PROBLEM -
Please set down, unchanged, each line from the one with "Royal Canin Feline" to the final line of the data below, both included. Drop the pictures.

STORED DATA -
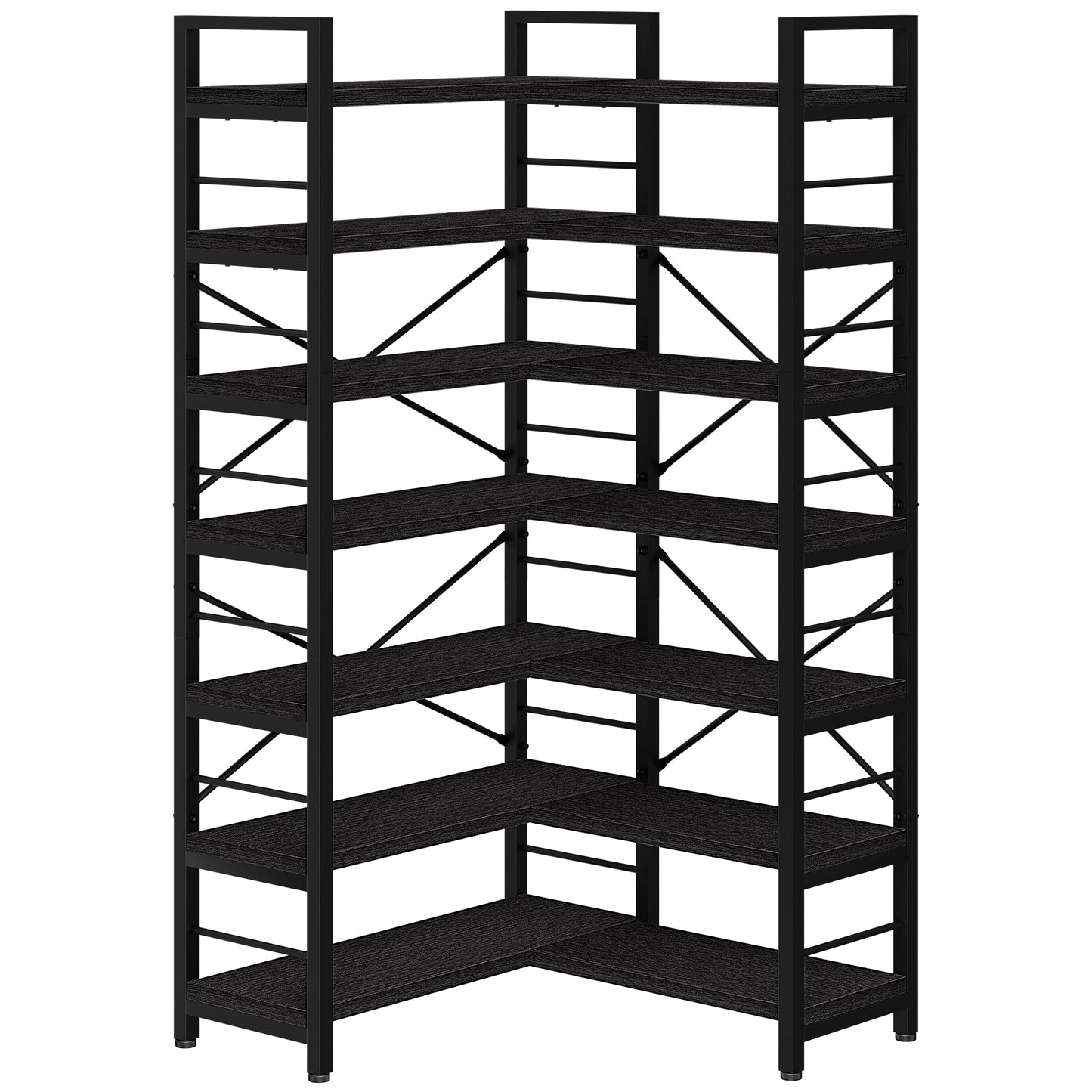 TEROL 7-Tier Corner Bookshelf, Reversible Wooden Shelves, Industrial Bookcase with Open Shelves and Sturdy Metal Frame, Display Shelf Storage Rack for Living Room, Bedroom, Home Office (Black)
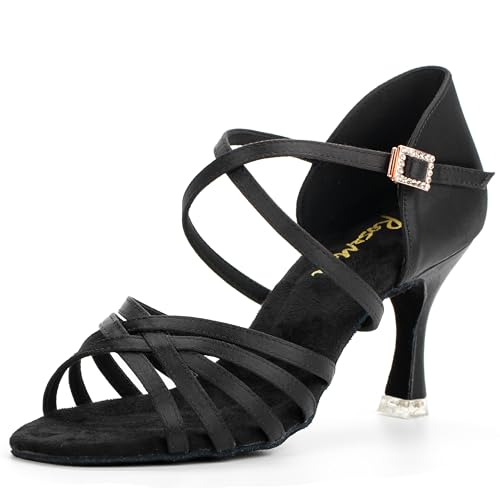 RoseMoli 3" Ballroom Dance Shoes Women Salsa Latin Dance Shoes for Woman Satin Professional Practice Performance for Dancing Heels Black 5.5 - Image 1
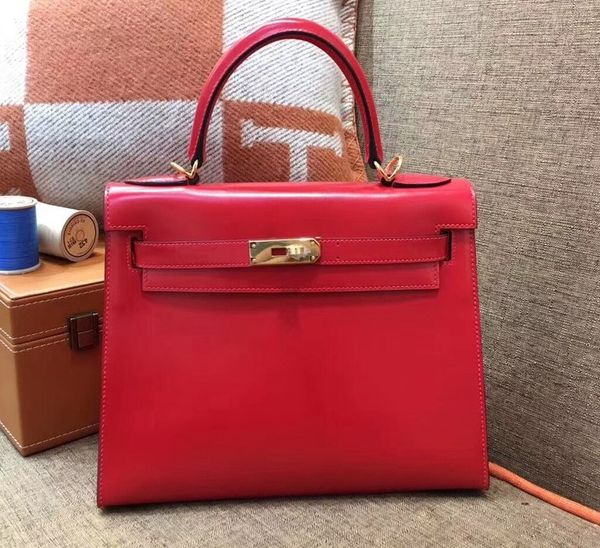 

by order wholesale red keily purse25cm,box leather,handmade wax thread,gold and silver hardware for chosen,fast delivery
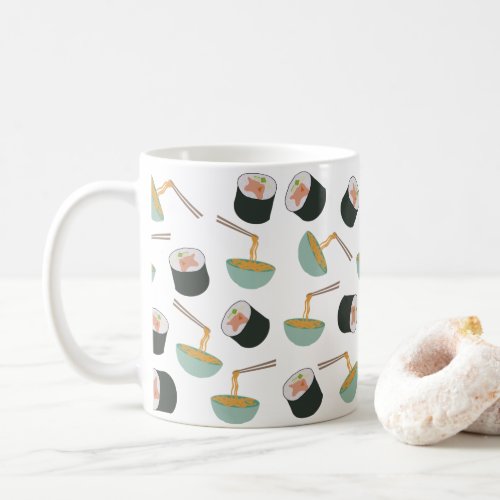 Sushi and Noodles Pattern Coffee Mug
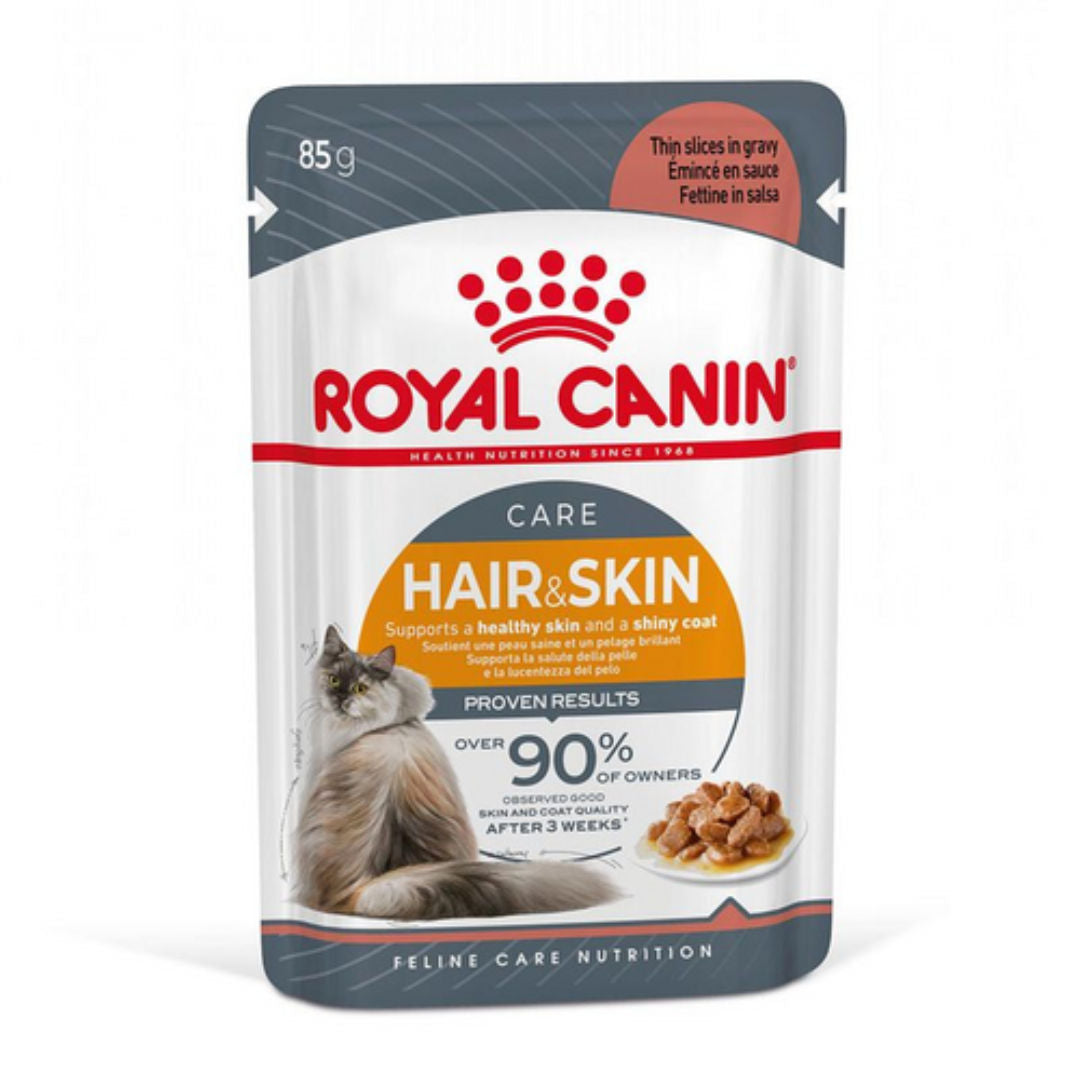 Royal Canin Feline Care Nutrition Hair & Skin Gravy Cat Wet Food Pouches, 12x85gm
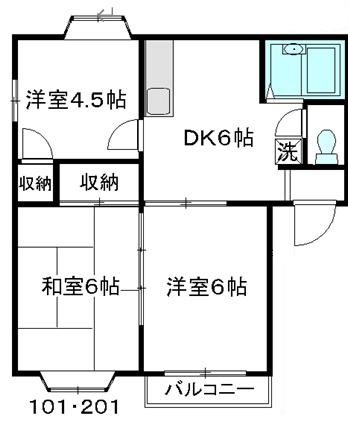 エトワールカヤマＢ  201号室 間取り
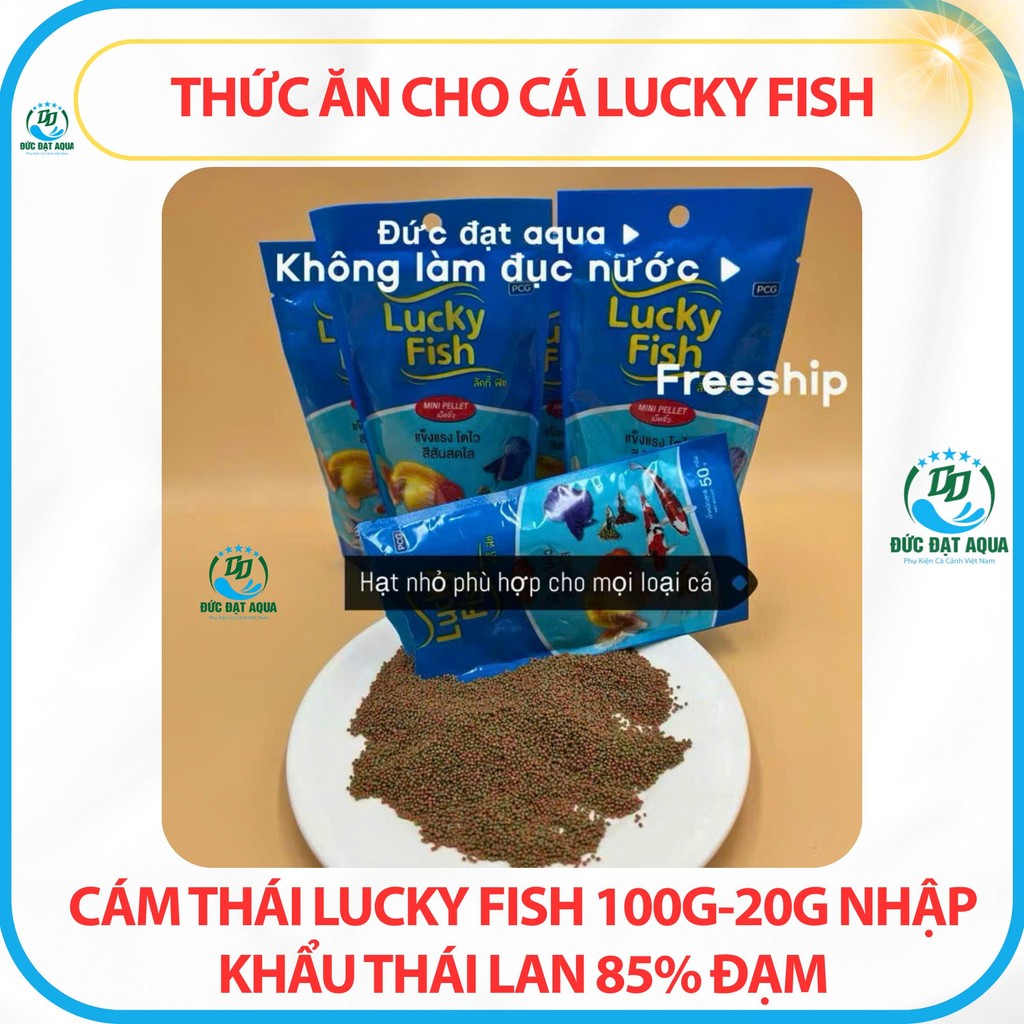 cám cá LUCKY FISH -20g-50g-100g nhập khẩu thái lan Phù Hợp Cho Mọi Loài Cá 3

EXPECTED ANSWER -
 Royal Canin Feline Care Nutrition Hair & Skin Gravy Cat Wet Food Pouches, 12x85gm
 エトワールカヤマＢ  201号室 間取り
 cám cá LUCKY FISH -20g-50g-100g nhập khẩu thái lan Phù Hợp Cho Mọi Loài Cá 3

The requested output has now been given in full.